The Seaweed Materials Initiative – Transforming Sugar Kelp into an Industrial Feedstock
Macroalgae such as sugar kelp have significant potential as a local, fast-growing, and renewable feedstock for next-generation materials – without competing for agricultural land or freshwater resources. The Seaweed Materials Initiative therefore brings together the entire value chain to develop standards, processes, and prototypes that enable a scalable pathway from ocean to finished product.
The Issue
Today’s material production is dominated by fossil-based and other non-renewable feedstocks embedded in linear value chains with significant climate and resource impacts. This drives the urgent need for a material transition toward renewable and circular systems.Despite the potential of sugar kelp as a feedstock for next-generation materials, the conditions for large-scale and commercial use in Europe are not yet in place. Growing demand for macroalgae is largely met through imports from Asia, while Nordic production remains limited and lacks integrated value chains.
At the same time, substantial knowledge gaps persist regarding the composition, refining, and quality requirements of sugar kelp for material applications. Established standards and functional value chains are also lacking, complicating trade, downstream processing, and scale-up. Without shared frameworks for quality, processing, and application development, investments remain high-risk and the potential for local, circular, and competitive material solutions is difficult to realize.
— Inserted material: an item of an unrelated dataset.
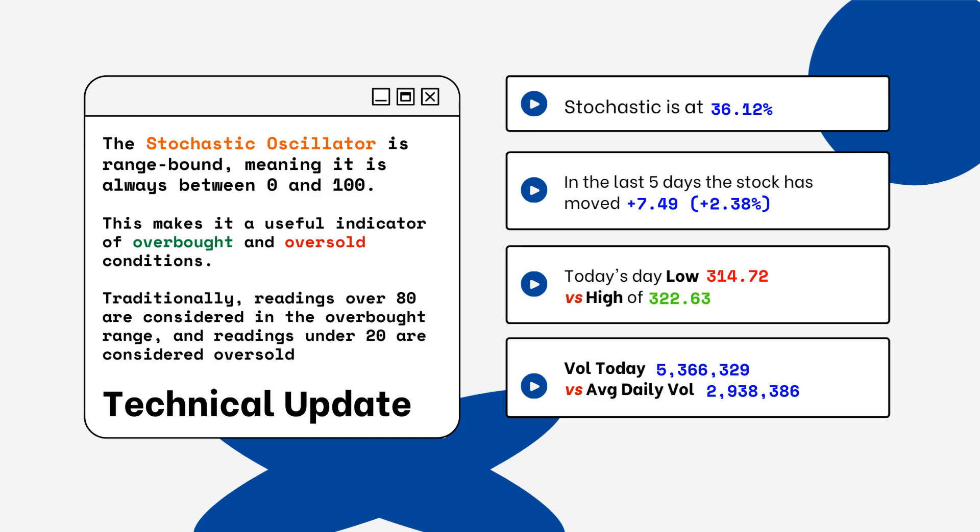Readings over 80% are considered overbought, and readings below 20% are considered oversold. You want to be aware of this when looking at a particular stock. We've also provided today's volume of shares traded and also the average daily volume — you want to see how much volume is being traded and if it is above or below the average daily volume level. This tells you how relevant the move is from the stock today.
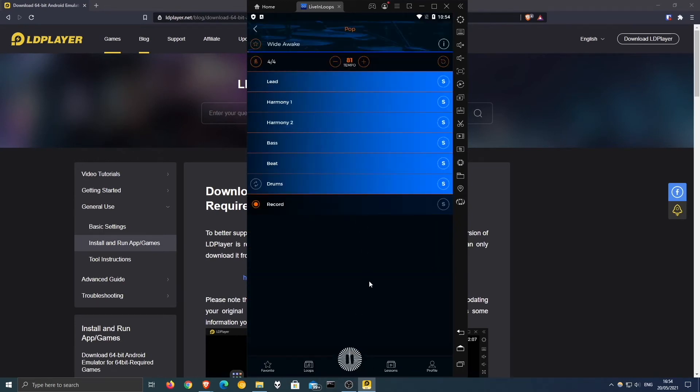If the play button is not working, press Reset here and it will play.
Locally produced marine biobased materials can play an important role in the transition to circular material flows. By developing clear standards and efficient value chains for sugar kelp, we can strengthen the Nordic region’s resilience and competitiveness.
– Amelie Silfverstolpe, Project Manager for Future Materials at Axfoundation
Our Solution
To pave the way for large-scale use of sugar kelp in bio-based materials, The Seaweed Materials Initiative is developing standards to help companies ensure consistent, high quality across both cultivation and processing. The project also focuses on optimizing the refining and fractionation of sugar kelp and scaling processes from laboratory to pilot scale – with the long-term goal of establishing sugar kelp as an industrial feedstock.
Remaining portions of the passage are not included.